November 30, 2010

There's One in Every Family: The Life of the Party

We used to joke that we could never get a picture of Grandma with her mouth shut. She could talk your ear off, and about the time you snapped the shutter she’d say, “Don’t take my picture now, my hair’s a mess!” And boy, could she laugh. She’d have the whole room in stitches, look innocent for just a moment, then wink and burst out laughing as hard as the rest of us. And she would sing at the drop of a hat--preferably something with a little zest to it, like “Five foot two, eyes of blue, but oh what those five foot could do, has anybody seen my gal?”

Oh yes, Grandma could be the life of the party.

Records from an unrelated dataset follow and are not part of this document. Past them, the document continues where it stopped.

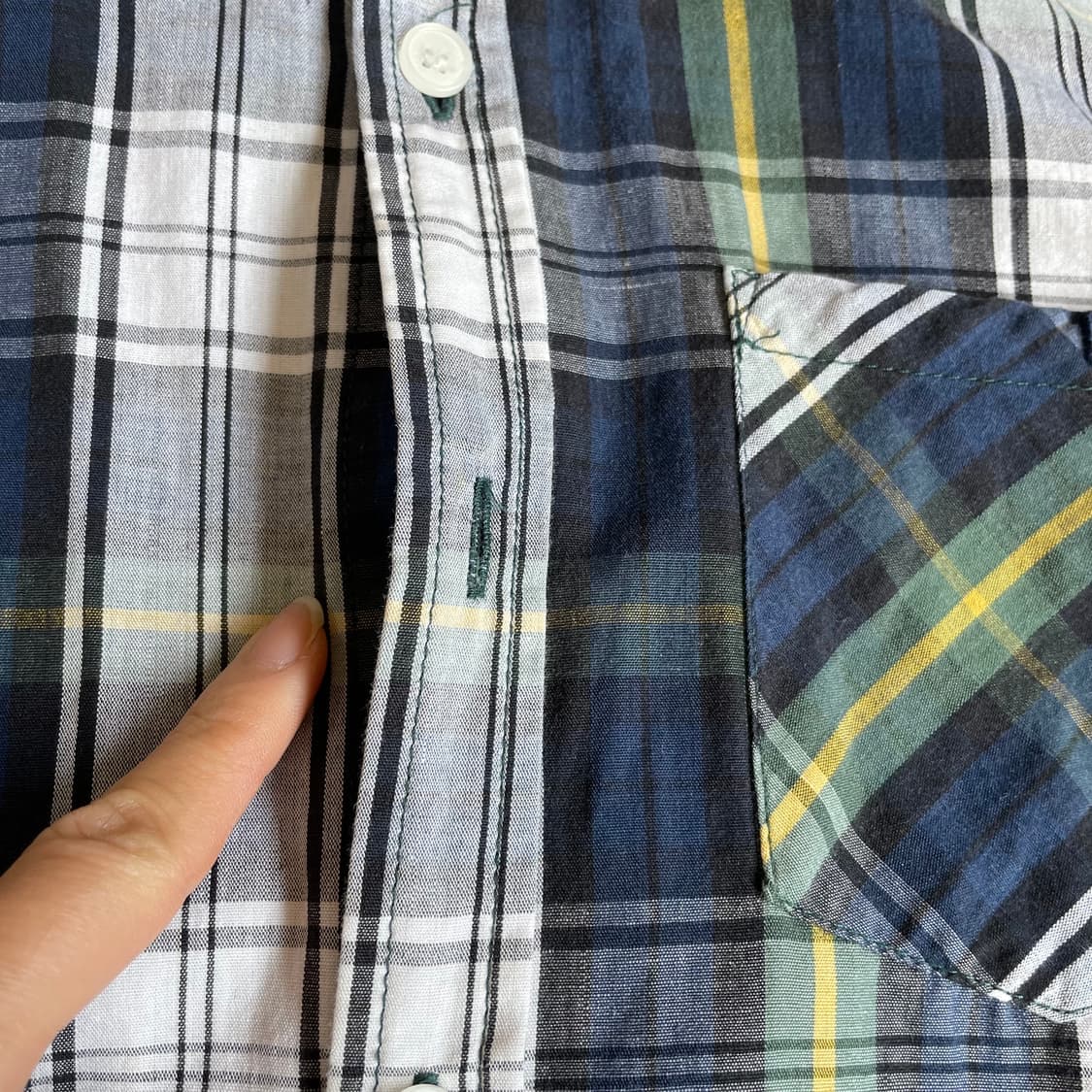 UGIZ 체크 원포켓 긴팔 셔츠 90 상품이미지4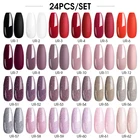 Набор полуперманентных гибридных УФ-лаков UR SUGAR, 24 шт., набор гель-лаков для ногтей для маникюра, набор блестящих гель для дизайна ногтей лаков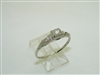 18k White Gold Diamond Vintage Ring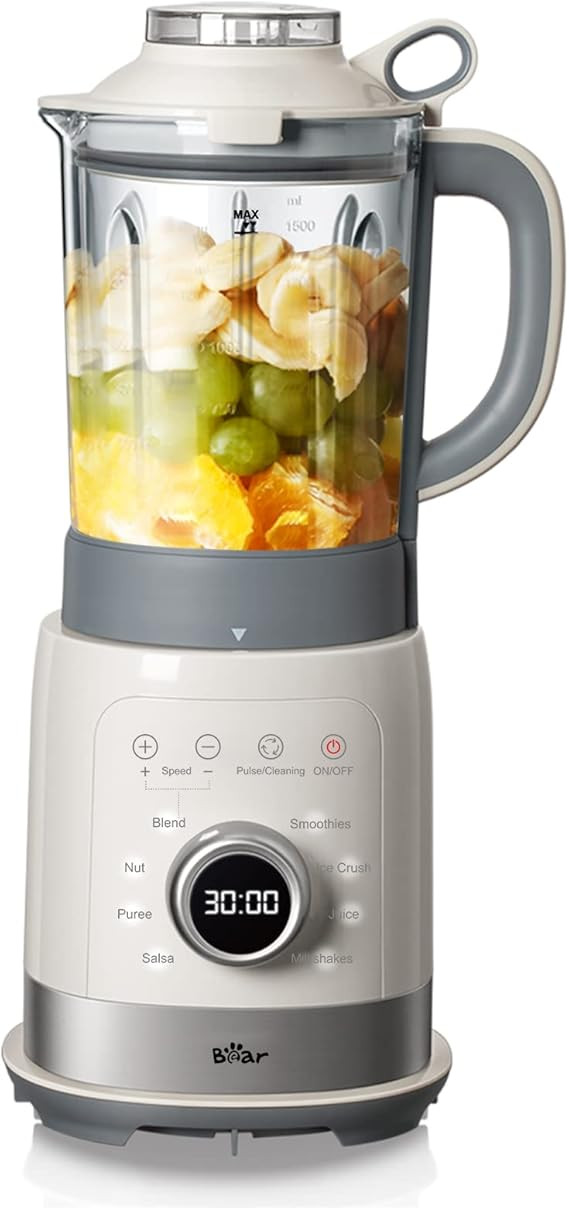 Bear Blender, 1500 Peak Watts Professional Countertop Blender for Kitchen, Blender for Shakes and... | Amazon (US)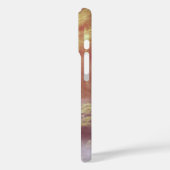 Männliche Hirsche im Misty Woods bei Sonnenaufgang Case-Mate iPhone Hülle (Rückseite / Links)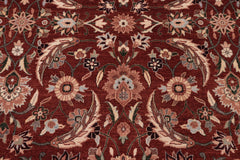 handmade Traditional Lahore Copper Rose Hand Knotted RECTANGLE 100% WOOL area rug 8' x 10'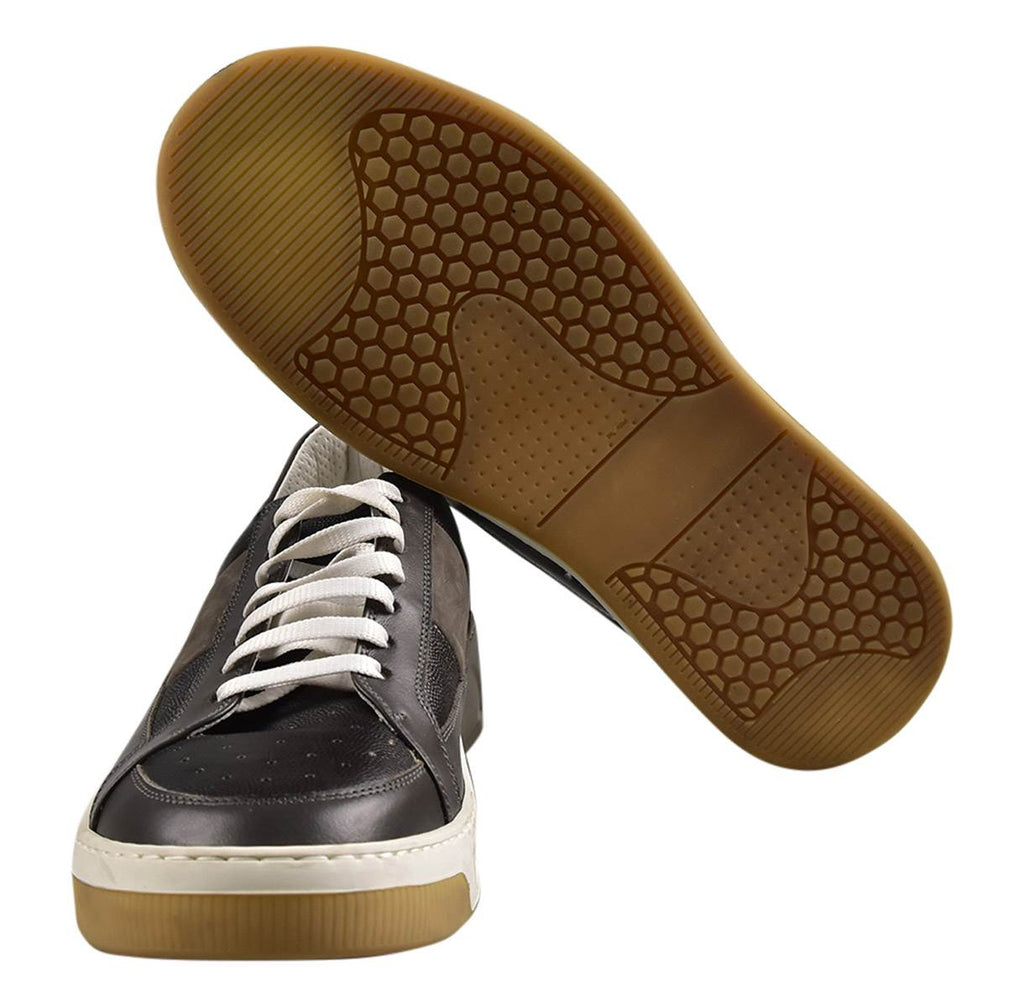 KITON Multicolour Leather Sneakers Shoes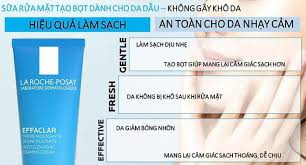LAROCHE-POSAY Sữa Rửa Mặt Tạo Bọt Cho Da Dầu Mụn - EFFACLAR DEEP CLEANSING FOAMING CREAM (125ml)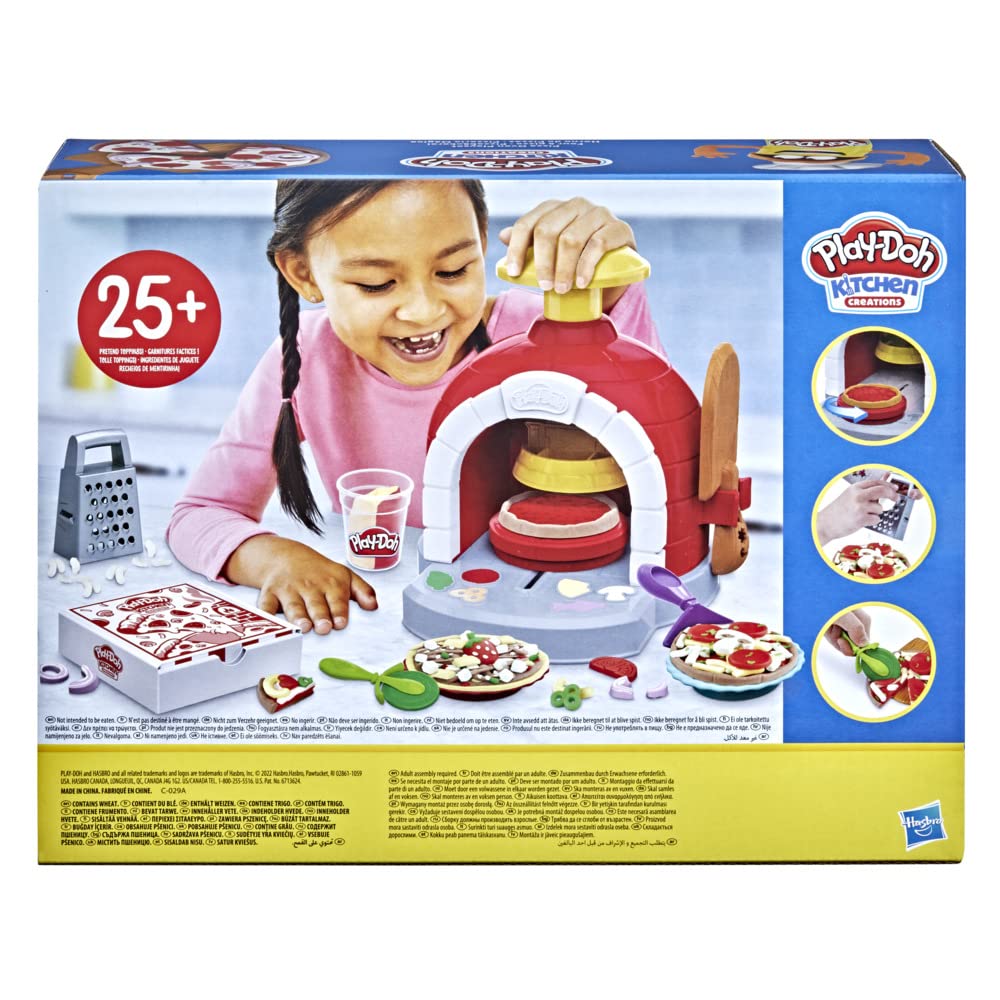 Foto 5 pulgar | Horno Para Pizza Playset Play-doh Kitchen Creations Con 6 Latas Y 8 Unidades - Venta Internacional.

Nora Belle Eberhard was one of 18 children born to John Llewellyn Eberhard and Mary Madina Comfort. A set of twins died shortly after birth, but the other 16 Eberhard kids grew to adulthood. Nora made her appearance on March 16, 1910—just in time for the census taker making the rounds in Rushcreek Township, a rural community in Logan County, Ohio, near Bellfontaine. When she was four or five the family moved to a farm near Galena, Ohio. She recalled being told that she sang the whole way.

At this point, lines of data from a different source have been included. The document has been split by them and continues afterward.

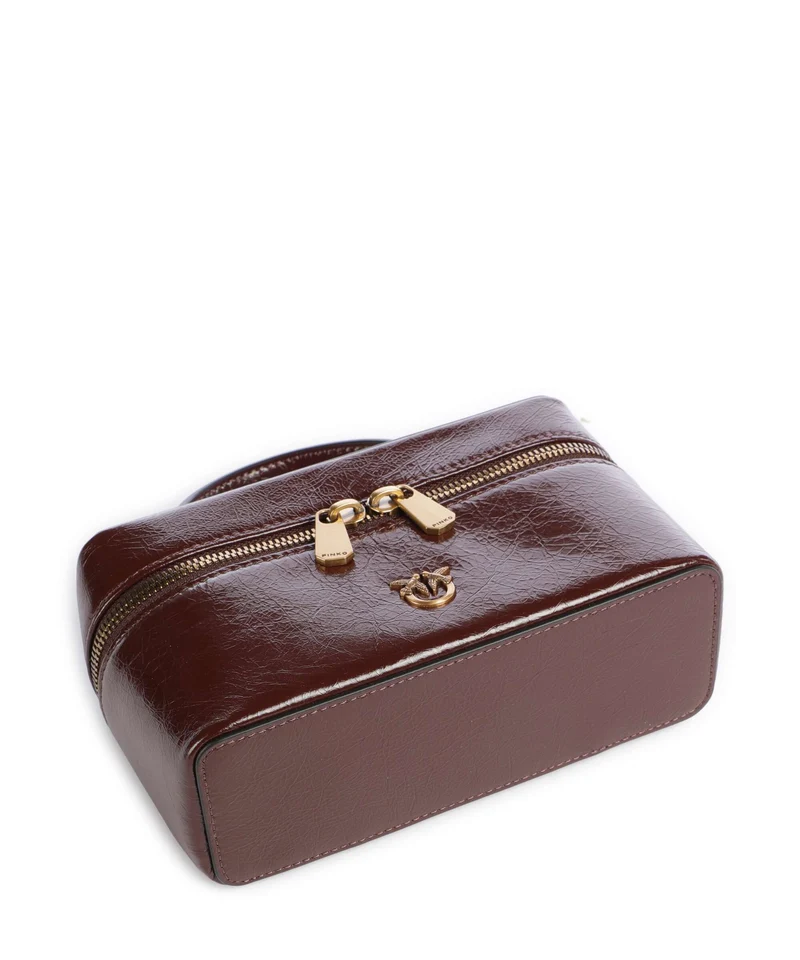 Pinko Vanity Mini Sac bandoulière castano intenso/antique gold
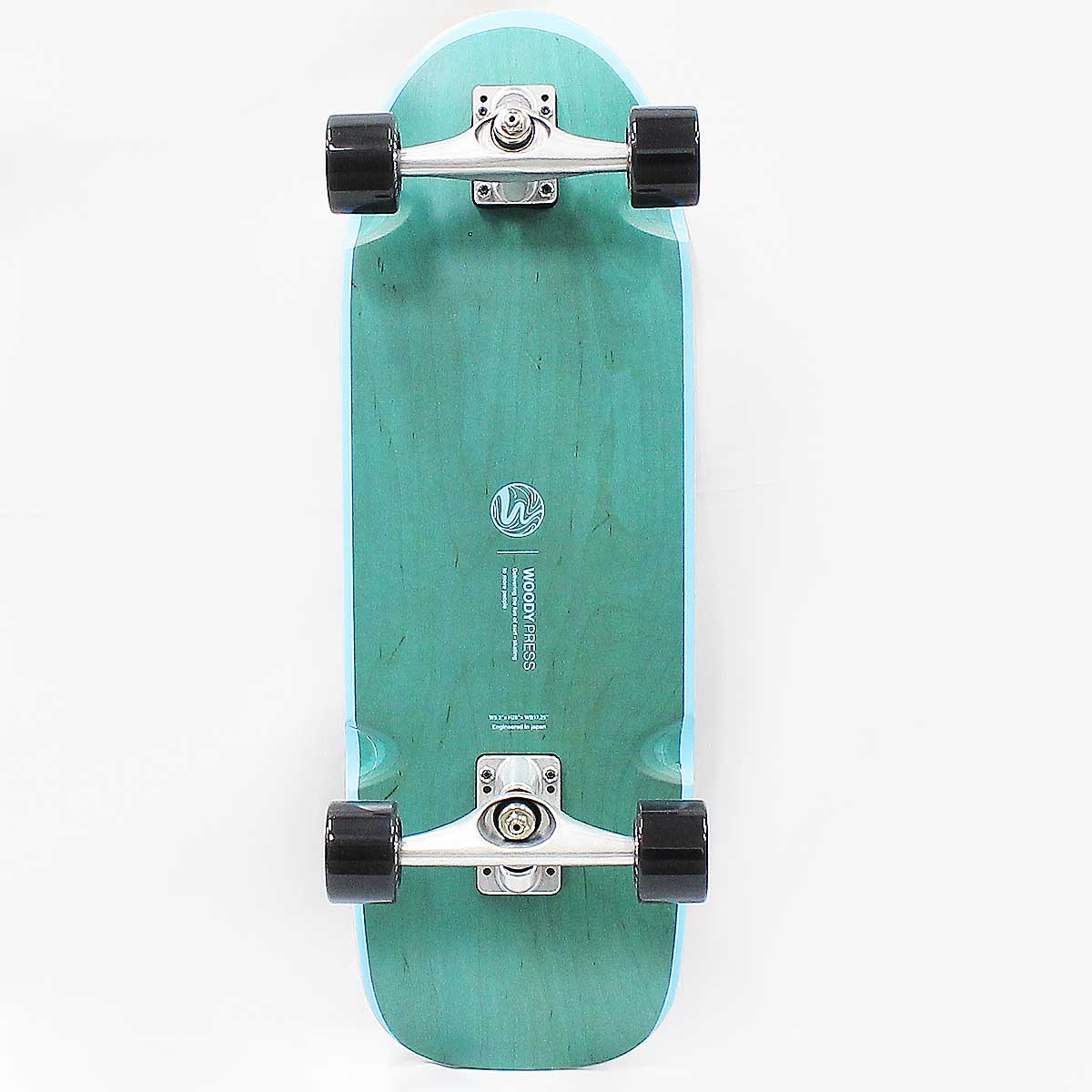 WOODY PRESS カービングスケートボード28インチ ウッディープレスカービングスケートボード 28インチ WOODY
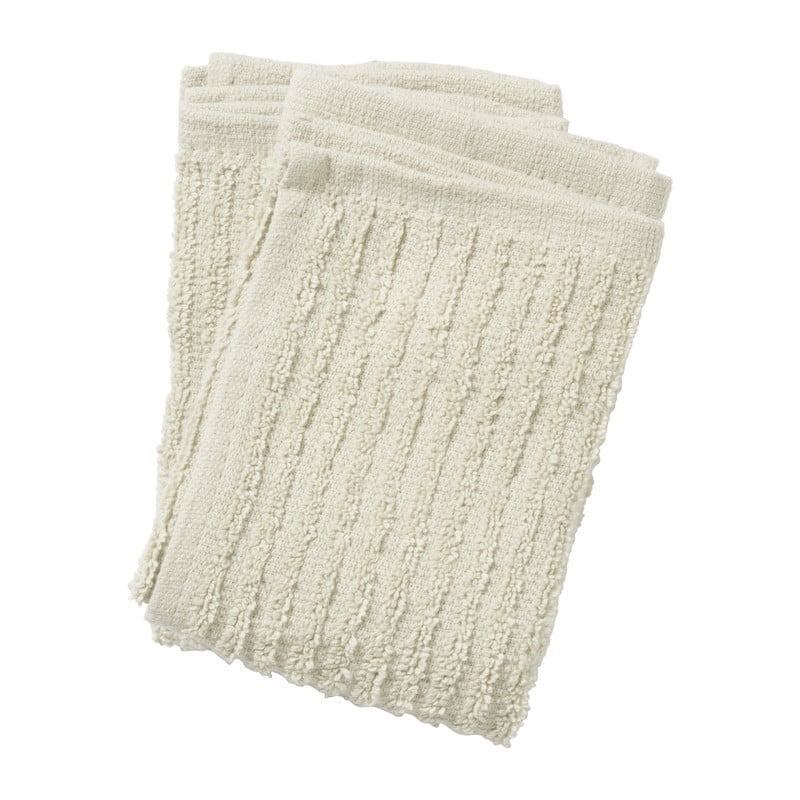 Vaatdoekje - beige - set van 2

Llewellyn Eberhard was a dairy farmer. Growing up on the farm, there were always a lot of chores to be done, and never much money. Nora liked the house chores better than the barn chores, because the cows smelled so bad. She’d be the first to tell you they were just plain poor. She quit school after eighth grade to take a job in the Kilgore factory in Westerville, putting rivets on cap guns. Maybe she got her spunk from this hardscrabble start, but somehow I think she was just born with it.

Nora singing to great-granddaughter Sarah
Nora married a dashing young restaurant worker named Lloyd Ballenger on March 30, 1935, during the height of the Depression. Their first baby, Marilyn Sue, died in infancy—a recollection that still moved Nora to tears decades later. Their three other children grew up, married, and eventually gave them seven grandchildren. To us, Nora was Grandma, a white-haired bundle of energy who always had popsicles in the freezer, candy on the table, and a song to sing.

As we grew older, we found the real fun was egging her on to tell stories and jokes while we sat around the table at the family cottage at Buckeye Lake. Not that she needed much encouragement—a little something to drink and she’d be off and running. And heaven forbid if she got going at a party. She always wanted to stay to the very end.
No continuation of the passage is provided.